» **PROMPT**
When every entry has been read, print each one back exactly.

Scraped caption text data:
+++
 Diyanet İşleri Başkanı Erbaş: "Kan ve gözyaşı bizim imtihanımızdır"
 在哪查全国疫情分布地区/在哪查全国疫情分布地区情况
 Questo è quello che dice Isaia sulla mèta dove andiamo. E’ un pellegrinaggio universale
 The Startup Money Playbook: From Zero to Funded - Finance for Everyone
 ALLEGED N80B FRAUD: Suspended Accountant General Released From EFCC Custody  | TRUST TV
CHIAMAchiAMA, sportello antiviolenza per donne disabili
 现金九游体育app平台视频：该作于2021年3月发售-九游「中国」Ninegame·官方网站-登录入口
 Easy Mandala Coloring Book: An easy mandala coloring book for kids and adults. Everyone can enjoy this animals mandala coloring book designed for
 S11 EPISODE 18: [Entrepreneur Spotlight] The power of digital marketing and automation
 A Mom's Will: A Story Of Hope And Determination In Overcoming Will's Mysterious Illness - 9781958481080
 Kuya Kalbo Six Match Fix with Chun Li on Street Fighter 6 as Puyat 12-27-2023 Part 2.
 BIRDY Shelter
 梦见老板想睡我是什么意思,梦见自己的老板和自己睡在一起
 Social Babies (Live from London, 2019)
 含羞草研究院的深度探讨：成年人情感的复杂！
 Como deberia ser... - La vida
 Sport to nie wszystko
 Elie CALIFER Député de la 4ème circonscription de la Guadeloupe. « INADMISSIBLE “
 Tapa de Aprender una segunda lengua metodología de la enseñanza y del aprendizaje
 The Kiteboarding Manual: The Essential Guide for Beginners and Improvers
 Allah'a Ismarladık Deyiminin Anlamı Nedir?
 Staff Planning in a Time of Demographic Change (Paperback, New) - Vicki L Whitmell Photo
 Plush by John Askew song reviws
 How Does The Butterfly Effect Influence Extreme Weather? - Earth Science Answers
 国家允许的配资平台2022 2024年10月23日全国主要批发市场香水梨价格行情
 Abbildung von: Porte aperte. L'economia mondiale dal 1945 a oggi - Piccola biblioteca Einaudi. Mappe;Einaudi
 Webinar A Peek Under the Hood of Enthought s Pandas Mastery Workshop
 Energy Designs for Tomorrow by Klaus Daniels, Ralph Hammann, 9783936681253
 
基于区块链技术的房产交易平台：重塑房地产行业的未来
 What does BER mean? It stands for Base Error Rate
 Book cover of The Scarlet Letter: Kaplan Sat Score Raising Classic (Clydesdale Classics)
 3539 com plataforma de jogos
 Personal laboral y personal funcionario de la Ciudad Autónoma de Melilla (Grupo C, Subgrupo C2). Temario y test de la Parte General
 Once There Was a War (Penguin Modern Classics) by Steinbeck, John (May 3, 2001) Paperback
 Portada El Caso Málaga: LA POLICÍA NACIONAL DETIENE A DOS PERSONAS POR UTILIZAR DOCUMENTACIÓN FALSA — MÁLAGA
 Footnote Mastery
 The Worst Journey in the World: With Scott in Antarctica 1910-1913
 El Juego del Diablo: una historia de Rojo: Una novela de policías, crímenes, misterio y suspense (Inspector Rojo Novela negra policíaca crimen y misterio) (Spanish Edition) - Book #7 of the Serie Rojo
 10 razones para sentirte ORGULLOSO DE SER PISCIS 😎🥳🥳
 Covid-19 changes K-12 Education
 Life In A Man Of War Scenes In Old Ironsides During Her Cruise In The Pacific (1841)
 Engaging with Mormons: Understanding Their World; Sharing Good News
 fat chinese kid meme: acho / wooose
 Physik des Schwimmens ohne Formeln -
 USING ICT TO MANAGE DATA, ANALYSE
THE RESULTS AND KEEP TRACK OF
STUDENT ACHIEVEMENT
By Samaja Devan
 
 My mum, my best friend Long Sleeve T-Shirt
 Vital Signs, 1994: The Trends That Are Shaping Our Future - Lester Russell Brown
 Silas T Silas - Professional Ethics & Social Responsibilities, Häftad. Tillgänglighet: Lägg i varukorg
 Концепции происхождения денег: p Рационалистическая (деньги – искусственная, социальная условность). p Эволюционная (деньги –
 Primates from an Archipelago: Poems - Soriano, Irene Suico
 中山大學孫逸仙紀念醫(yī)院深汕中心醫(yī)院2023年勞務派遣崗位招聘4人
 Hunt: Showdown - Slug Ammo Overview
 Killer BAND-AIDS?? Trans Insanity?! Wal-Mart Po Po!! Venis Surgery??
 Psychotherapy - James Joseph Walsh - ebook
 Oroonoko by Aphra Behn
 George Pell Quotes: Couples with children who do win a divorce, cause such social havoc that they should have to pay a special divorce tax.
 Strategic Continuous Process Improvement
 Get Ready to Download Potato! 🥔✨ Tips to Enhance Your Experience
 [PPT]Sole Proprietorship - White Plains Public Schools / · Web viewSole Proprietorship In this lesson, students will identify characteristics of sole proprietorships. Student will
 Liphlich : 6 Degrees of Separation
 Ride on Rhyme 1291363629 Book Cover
+++
» **ANSWER SPACE**
 Diyanet İşleri Başkanı Erbaş: "Kan ve gözyaşı bizim imtihanımızdır"
 在哪查全国疫情分布地区/在哪查全国疫情分布地区情况
 Questo è quello che dice Isaia sulla mèta dove andiamo. E’ un pellegrinaggio universale
 The Startup Money Playbook: From Zero to Funded - Finance for Everyone
 ALLEGED N80B FRAUD: Suspended Accountant General Released From EFCC Custody  | TRUST TV
CHIAMAchiAMA, sportello antiviolenza per donne disabili
 现金九游体育app平台视频：该作于2021年3月发售-九游「中国」Ninegame·官方网站-登录入口
 Easy Mandala Coloring Book: An easy mandala coloring book for kids and adults. Everyone can enjoy this animals mandala coloring book designed for
 S11 EPISODE 18: [Entrepreneur Spotlight] The power of digital marketing and automation
 A Mom's Will: A Story Of Hope And Determination In Overcoming Will's Mysterious Illness - 9781958481080
 Kuya Kalbo Six Match Fix with Chun Li on Street Fighter 6 as Puyat 12-27-2023 Part 2.
 BIRDY Shelter
 梦见老板想睡我是什么意思,梦见自己的老板和自己睡在一起
 Social Babies (Live from London, 2019)
 含羞草研究院的深度探讨：成年人情感的复杂！
 Como deberia ser... - La vida
 Sport to nie wszystko
 Elie CALIFER Député de la 4ème circonscription de la Guadeloupe. « INADMISSIBLE “
 Tapa de Aprender una segunda lengua metodología de la enseñanza y del aprendizaje
 The Kiteboarding Manual: The Essential Guide for Beginners and Improvers
 Allah'a Ismarladık Deyiminin Anlamı Nedir?
 Staff Planning in a Time of Demographic Change (Paperback, New) - Vicki L Whitmell Photo
 Plush by John Askew song reviws
 How Does The Butterfly Effect Influence Extreme Weather? - Earth Science Answers
 国家允许的配资平台2022 2024年10月23日全国主要批发市场香水梨价格行情
 Abbildung von: Porte aperte. L'economia mondiale dal 1945 a oggi - Piccola biblioteca Einaudi. Mappe;Einaudi
 Webinar A Peek Under the Hood of Enthought s Pandas Mastery Workshop
 Energy Designs for Tomorrow by Klaus Daniels, Ralph Hammann, 9783936681253
 
基于区块链技术的房产交易平台：重塑房地产行业的未来
 What does BER mean? It stands for Base Error Rate
 Book cover of The Scarlet Letter: Kaplan Sat Score Raising Classic (Clydesdale Classics)
 3539 com plataforma de jogos
 Personal laboral y personal funcionario de la Ciudad Autónoma de Melilla (Grupo C, Subgrupo C2). Temario y test de la Parte General
 Once There Was a War (Penguin Modern Classics) by Steinbeck, John (May 3, 2001) Paperback
 Portada El Caso Málaga: LA POLICÍA NACIONAL DETIENE A DOS PERSONAS POR UTILIZAR DOCUMENTACIÓN FALSA — MÁLAGA
 Footnote Mastery
 The Worst Journey in the World: With Scott in Antarctica 1910-1913
 El Juego del Diablo: una historia de Rojo: Una novela de policías, crímenes, misterio y suspense (Inspector Rojo Novela negra policíaca crimen y misterio) (Spanish Edition) - Book #7 of the Serie Rojo
 10 razones para sentirte ORGULLOSO DE SER PISCIS 😎🥳🥳
 Covid-19 changes K-12 Education
 Life In A Man Of War Scenes In Old Ironsides During Her Cruise In The Pacific (1841)
 Engaging with Mormons: Understanding Their World; Sharing Good News
 fat chinese kid meme: acho / wooose
 Physik des Schwimmens ohne Formeln -
 USING ICT TO MANAGE DATA, ANALYSE
THE RESULTS AND KEEP TRACK OF
STUDENT ACHIEVEMENT
By Samaja Devan
 
 My mum, my best friend Long Sleeve T-Shirt
 Vital Signs, 1994: The Trends That Are Shaping Our Future - Lester Russell Brown
 Silas T Silas - Professional Ethics & Social Responsibilities, Häftad. Tillgänglighet: Lägg i varukorg
 Концепции происхождения денег: p Рационалистическая (деньги – искусственная, социальная условность). p Эволюционная (деньги –
 Primates from an Archipelago: Poems - Soriano, Irene Suico
 中山大學孫逸仙紀念醫(yī)院深汕中心醫(yī)院2023年勞務派遣崗位招聘4人
 Hunt: Showdown - Slug Ammo Overview
 Killer BAND-AIDS?? Trans Insanity?! Wal-Mart Po Po!! Venis Surgery??
 Psychotherapy - James Joseph Walsh - ebook
 Oroonoko by Aphra Behn
 George Pell Quotes: Couples with children who do win a divorce, cause such social havoc that they should have to pay a special divorce tax.
 Strategic Continuous Process Improvement
 Get Ready to Download Potato! 🥔✨ Tips to Enhance Your Experience
 [PPT]Sole Proprietorship - White Plains Public Schools / · Web viewSole Proprietorship In this lesson, students will identify characteristics of sole proprietorships. Student will
 Liphlich : 6 Degrees of Separation
 Ride on Rhyme 1291363629 Book Cover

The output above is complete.